> _Material to process_
****************
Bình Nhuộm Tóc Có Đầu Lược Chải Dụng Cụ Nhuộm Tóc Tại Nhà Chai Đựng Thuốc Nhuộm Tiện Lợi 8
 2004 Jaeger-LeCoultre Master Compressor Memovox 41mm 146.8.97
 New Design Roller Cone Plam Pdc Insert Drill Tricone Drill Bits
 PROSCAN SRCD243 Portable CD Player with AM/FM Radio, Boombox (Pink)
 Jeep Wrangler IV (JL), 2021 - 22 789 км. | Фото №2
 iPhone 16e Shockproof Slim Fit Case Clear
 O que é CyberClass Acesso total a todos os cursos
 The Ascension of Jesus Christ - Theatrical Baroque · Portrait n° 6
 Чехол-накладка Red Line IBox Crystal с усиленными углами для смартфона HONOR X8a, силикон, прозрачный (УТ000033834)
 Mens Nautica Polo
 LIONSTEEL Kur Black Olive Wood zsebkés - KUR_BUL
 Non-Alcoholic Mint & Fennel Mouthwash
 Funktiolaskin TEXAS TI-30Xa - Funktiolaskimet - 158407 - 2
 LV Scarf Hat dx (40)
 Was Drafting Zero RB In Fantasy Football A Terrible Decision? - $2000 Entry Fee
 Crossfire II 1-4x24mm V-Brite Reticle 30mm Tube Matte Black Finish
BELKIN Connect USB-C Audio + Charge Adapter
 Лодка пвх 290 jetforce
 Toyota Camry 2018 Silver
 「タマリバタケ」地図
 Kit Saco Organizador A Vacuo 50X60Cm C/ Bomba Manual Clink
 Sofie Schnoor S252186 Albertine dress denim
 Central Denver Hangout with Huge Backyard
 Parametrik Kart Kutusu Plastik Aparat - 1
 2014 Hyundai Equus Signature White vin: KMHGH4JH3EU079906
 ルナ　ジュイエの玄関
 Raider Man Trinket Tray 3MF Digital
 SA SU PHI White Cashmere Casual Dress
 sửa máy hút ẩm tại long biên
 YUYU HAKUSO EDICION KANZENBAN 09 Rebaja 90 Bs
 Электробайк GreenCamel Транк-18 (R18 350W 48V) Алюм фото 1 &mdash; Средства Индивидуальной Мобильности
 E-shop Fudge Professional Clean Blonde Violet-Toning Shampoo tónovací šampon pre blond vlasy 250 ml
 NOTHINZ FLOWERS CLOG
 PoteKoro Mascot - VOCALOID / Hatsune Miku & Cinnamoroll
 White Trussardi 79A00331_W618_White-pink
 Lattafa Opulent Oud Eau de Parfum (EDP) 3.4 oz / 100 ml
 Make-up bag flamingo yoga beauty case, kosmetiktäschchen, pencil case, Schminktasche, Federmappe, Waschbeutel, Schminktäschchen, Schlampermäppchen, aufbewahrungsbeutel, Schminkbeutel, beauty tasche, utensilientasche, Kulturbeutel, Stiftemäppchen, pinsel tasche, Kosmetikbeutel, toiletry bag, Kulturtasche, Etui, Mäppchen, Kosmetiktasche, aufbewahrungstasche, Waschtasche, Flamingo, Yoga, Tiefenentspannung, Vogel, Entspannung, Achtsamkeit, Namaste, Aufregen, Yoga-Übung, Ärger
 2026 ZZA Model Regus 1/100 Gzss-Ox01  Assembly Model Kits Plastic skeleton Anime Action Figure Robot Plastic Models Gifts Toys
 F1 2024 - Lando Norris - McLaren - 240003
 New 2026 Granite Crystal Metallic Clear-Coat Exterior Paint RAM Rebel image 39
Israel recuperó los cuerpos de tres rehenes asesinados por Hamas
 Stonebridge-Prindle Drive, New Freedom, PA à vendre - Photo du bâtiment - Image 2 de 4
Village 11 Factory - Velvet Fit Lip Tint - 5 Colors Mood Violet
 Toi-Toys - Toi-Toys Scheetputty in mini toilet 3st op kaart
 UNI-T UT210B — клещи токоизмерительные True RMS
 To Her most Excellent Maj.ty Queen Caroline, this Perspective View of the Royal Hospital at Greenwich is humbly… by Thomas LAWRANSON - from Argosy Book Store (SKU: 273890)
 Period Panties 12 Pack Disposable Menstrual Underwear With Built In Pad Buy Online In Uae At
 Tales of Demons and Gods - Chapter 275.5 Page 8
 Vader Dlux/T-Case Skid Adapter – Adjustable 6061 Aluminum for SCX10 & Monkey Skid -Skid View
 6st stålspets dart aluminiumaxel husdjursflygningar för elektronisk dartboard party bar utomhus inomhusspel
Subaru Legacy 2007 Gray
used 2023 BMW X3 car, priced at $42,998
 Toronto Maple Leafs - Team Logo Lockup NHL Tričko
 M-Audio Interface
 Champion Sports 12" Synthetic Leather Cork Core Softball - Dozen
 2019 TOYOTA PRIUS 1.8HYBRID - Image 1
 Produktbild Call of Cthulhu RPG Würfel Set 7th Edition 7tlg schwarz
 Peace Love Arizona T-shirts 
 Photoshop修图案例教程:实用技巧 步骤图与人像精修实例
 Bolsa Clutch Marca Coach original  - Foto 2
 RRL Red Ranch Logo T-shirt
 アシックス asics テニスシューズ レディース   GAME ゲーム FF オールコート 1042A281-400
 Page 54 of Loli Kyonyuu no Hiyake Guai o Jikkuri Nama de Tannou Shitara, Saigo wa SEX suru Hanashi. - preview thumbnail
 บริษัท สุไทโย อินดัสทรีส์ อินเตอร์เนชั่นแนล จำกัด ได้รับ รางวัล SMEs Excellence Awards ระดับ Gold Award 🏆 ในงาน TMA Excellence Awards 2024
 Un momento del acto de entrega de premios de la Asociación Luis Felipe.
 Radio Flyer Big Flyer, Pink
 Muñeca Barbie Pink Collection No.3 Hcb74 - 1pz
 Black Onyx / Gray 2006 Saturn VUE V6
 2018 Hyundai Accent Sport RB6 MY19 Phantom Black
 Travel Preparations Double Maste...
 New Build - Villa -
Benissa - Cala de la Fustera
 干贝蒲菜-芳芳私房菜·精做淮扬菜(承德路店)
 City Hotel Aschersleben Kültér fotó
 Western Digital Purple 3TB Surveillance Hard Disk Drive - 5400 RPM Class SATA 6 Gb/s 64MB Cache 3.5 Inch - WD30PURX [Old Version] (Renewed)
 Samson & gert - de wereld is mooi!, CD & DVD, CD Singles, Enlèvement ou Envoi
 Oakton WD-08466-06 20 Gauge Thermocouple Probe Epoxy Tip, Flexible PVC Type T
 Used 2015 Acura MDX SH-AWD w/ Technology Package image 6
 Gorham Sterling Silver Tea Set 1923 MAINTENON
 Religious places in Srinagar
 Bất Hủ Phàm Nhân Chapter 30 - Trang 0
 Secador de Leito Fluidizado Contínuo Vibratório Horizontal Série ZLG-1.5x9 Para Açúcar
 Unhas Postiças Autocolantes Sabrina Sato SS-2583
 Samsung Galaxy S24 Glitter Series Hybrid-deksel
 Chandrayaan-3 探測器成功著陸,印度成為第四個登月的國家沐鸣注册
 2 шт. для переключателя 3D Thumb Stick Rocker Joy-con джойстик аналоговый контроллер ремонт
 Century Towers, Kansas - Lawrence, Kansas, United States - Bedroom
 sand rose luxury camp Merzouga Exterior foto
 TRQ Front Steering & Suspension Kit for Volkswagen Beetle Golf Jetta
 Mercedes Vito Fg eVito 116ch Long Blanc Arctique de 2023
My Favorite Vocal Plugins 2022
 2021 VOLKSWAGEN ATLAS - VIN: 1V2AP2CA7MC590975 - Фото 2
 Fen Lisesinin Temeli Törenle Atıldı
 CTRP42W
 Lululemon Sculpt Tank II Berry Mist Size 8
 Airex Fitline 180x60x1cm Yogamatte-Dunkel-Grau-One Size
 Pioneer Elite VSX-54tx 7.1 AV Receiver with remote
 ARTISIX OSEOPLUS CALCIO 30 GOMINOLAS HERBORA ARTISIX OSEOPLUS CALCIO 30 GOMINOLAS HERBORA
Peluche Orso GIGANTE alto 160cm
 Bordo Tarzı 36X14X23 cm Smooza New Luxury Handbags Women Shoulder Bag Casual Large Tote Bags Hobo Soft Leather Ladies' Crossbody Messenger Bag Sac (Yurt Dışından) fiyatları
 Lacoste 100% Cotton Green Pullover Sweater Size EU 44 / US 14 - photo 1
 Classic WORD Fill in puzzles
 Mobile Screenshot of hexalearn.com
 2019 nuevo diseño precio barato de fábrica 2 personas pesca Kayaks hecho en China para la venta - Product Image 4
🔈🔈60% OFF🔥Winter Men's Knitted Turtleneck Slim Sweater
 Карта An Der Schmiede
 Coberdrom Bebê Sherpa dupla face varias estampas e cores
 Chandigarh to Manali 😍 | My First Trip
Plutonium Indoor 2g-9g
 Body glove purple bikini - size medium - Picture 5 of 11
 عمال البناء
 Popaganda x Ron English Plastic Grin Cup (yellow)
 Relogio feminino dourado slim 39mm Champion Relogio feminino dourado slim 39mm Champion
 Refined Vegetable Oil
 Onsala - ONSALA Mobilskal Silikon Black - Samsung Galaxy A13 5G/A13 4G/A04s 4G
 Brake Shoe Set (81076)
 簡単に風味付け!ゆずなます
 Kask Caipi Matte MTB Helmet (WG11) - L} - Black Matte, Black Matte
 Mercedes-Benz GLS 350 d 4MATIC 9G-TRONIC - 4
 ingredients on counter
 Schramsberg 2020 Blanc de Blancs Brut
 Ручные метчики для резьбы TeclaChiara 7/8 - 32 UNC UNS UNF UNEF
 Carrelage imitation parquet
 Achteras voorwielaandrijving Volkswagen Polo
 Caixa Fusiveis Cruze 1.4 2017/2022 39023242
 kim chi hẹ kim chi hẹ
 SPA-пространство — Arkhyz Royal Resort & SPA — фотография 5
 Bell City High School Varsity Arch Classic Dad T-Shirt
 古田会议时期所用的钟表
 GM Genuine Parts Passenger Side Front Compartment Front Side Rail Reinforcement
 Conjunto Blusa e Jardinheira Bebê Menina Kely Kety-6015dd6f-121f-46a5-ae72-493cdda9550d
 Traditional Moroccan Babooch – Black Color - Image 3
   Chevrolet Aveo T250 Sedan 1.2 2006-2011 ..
****************
Beginning with the line containing "ingredients on counter" and ending with the line containing "SPA-пространство — Arkhyz", extract those lines exactly from the listing above, and only those.

 ingredients on counter
 Schramsberg 2020 Blanc de Blancs Brut
 Ручные метчики для резьбы TeclaChiara 7/8 - 32 UNC UNS UNF UNEF
 Carrelage imitation parquet
 Achteras voorwielaandrijving Volkswagen Polo
 Caixa Fusiveis Cruze 1.4 2017/2022 39023242
 kim chi hẹ kim chi hẹ
 SPA-пространство — Arkhyz Royal Resort & SPA — фотография 5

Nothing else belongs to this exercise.